Michigan Gov Rick Snyder Testifies At House Hearing On Flint Water Crisis
Rick Snyder is going to drink Flint's water for 30 days.
Mark Wilson/Getty Images
Libby Nelson is Vox's policy editor, leading coverage of how government action and inaction shape American life. Libby has more than a decade of policy journalism experience, including at Inside Higher Ed and Politico. She joined Vox in 2014.

The water in Flint, Michigan, still isn't getting back to normal. And the political crisis brought about by national attention to the city's lead problem shows no signs of abating either. So Michigan Gov. Rick Snyder is trying to kill two birds with one stone: He announced that he'd be drinking (filtered) water from Flint for 30 days to to try to restore residents' confidence.

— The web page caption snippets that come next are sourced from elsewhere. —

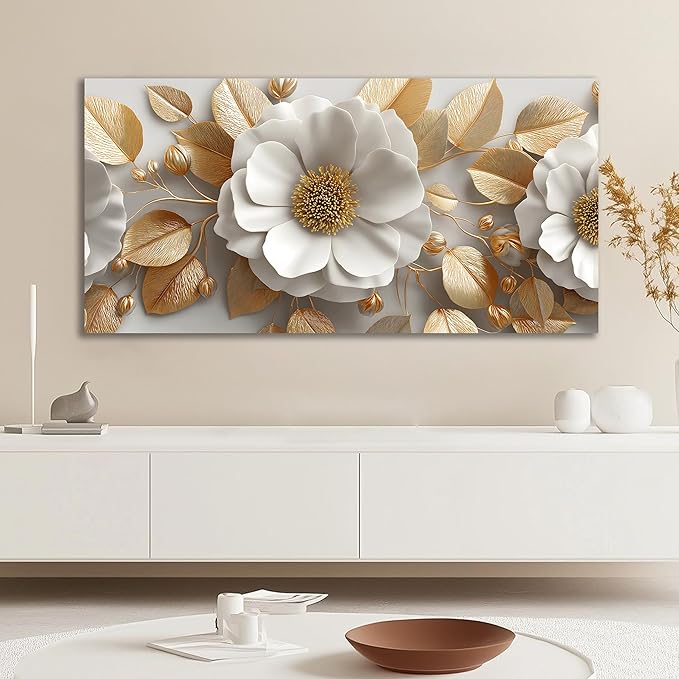 Tarfupth Floral Canvas Wall Art for Living Room Gold and White Flowers Large Botanical Artwork for Bedroom Office Home Decor Canvas Prints 20"x40"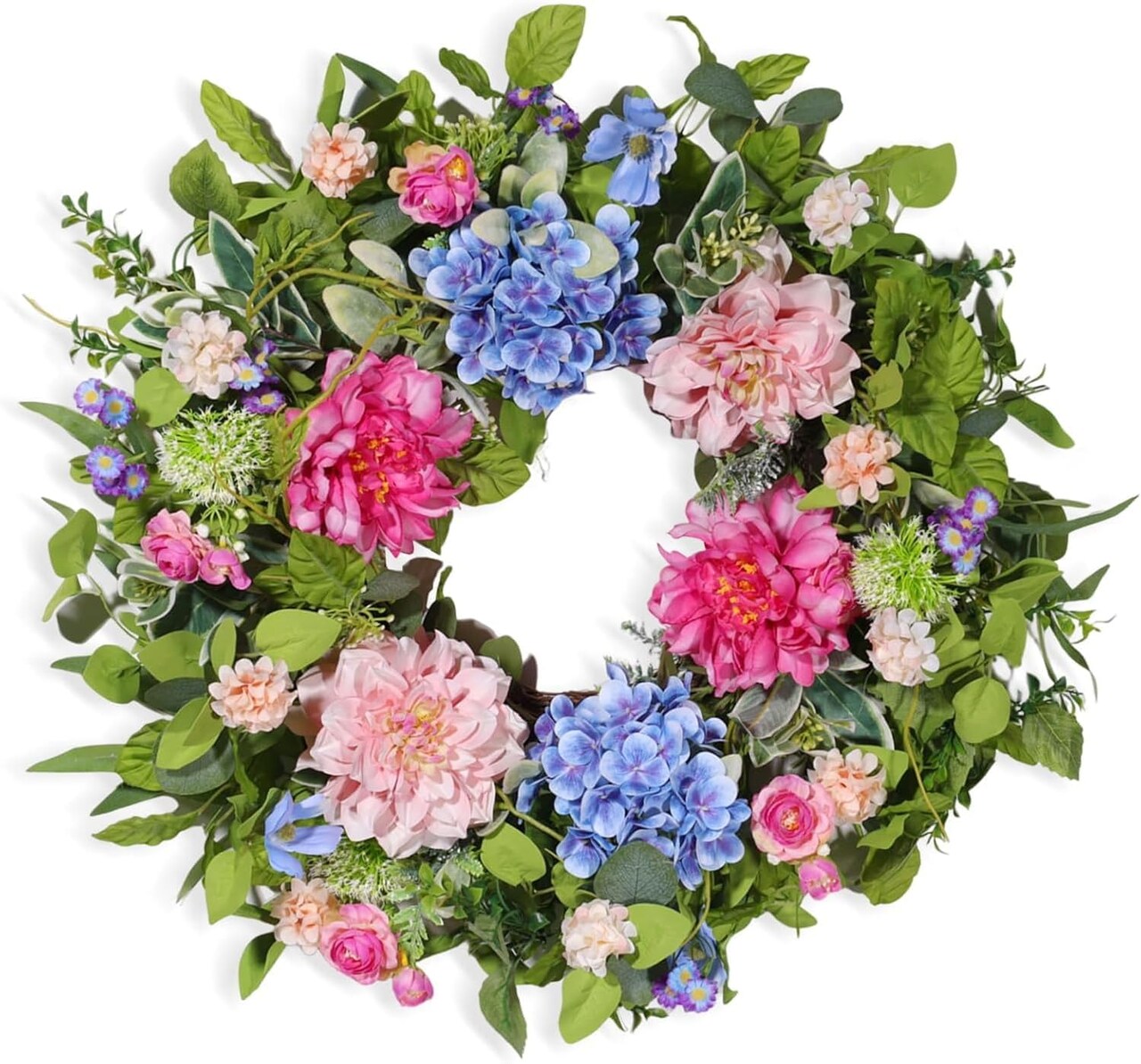 24 inch Summer Wreath for Front Door, Artificial Floral Wreaths with Green Leaves Daisy Peony Hydrangea Eucalyptus for Porch Patio Garden Wall Decor,Indoor Outdoor Party Holiday Decoration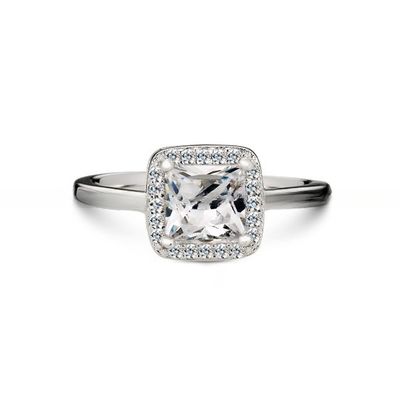 Women'S 925 Sterling Silver Square Solitaire Cubic Zirconia Engagement Ring With CZ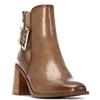 XTI WOMENS BUCKLE STRAP ZIP ANKLE BOOT - BEIGE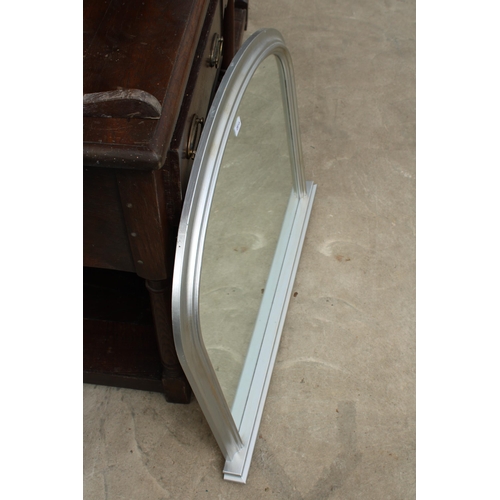 2815 - A MORRIS MIRRORS SILVER COLOURED OVERMANTEL MIRROR 39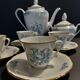 Limoges porcelain coffee set four cups pouring and sugar bowl
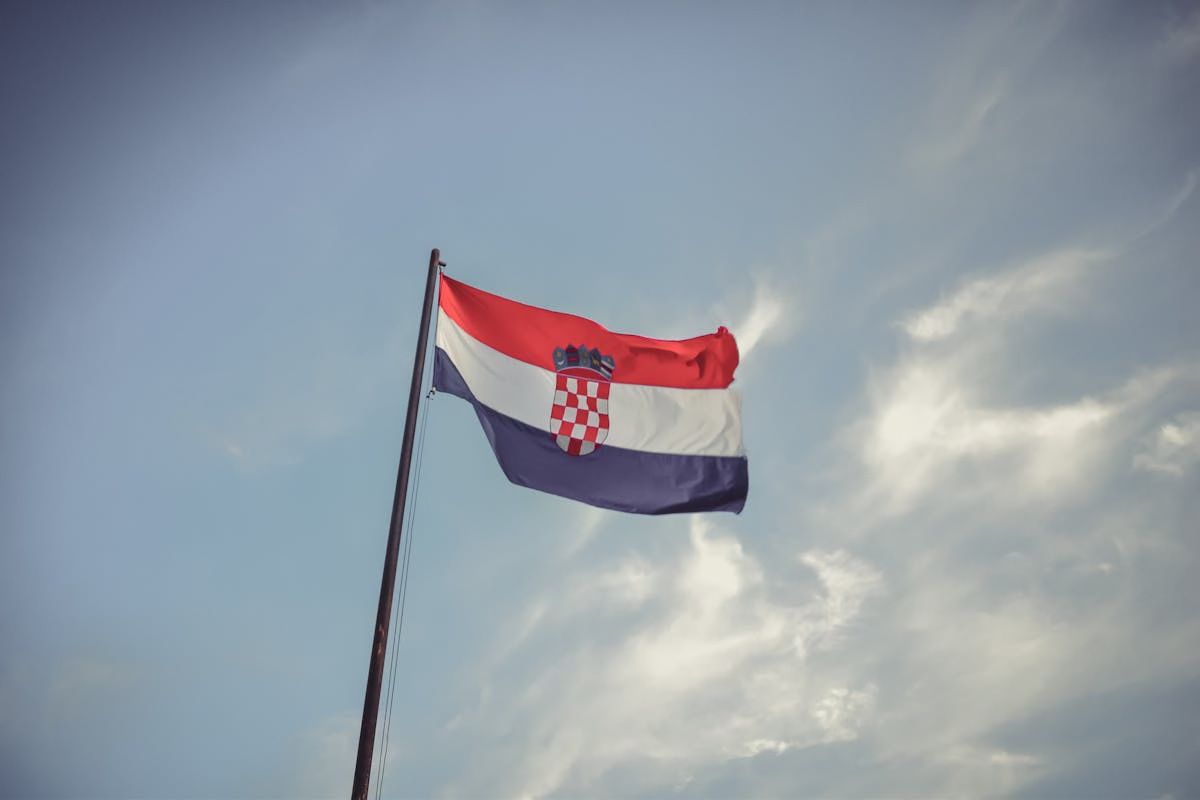 Croatia pe harta Europei (steag, cer, stema Croatiei).lts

But Snyder could struggle to get this message across for both political and scientific reasons. His approval ratings have plummeted, and a recent poll found 44 percent of Michigan residents think he's doing his job poorly.

Plus, because of the way lead poisoning works, an adult drinking the water doesn't tell you anything about whether it's safe for children to drink.

That's because if you have to be drinking water that's potentially laced with lead, you're least likely to suffer damage if you are, like Snyder, a middle-aged man. Lead in water is particularly harmful to children, whose brains are still developing; to pregnant women; and to the elderly. And while lead isn't good for adults either — at too high a concentration, it can cause symptoms like decreased libido, fatigue, and forgetfulness — it takes much more lead in blood to produce those effects. For children, even a few micrograms of lead can lead to developmental delays.

The good news is that the water in Flint really is improving: The Virginia Tech researchers who uncovered the crisis in the first place say the amount of lead in the water is dropping, although it's still too high. And with water filters in place, most homes — although not all — have water that's safe to drink. Snyder isn't really putting himself at risk. But he's unlikely to inspire much confidence.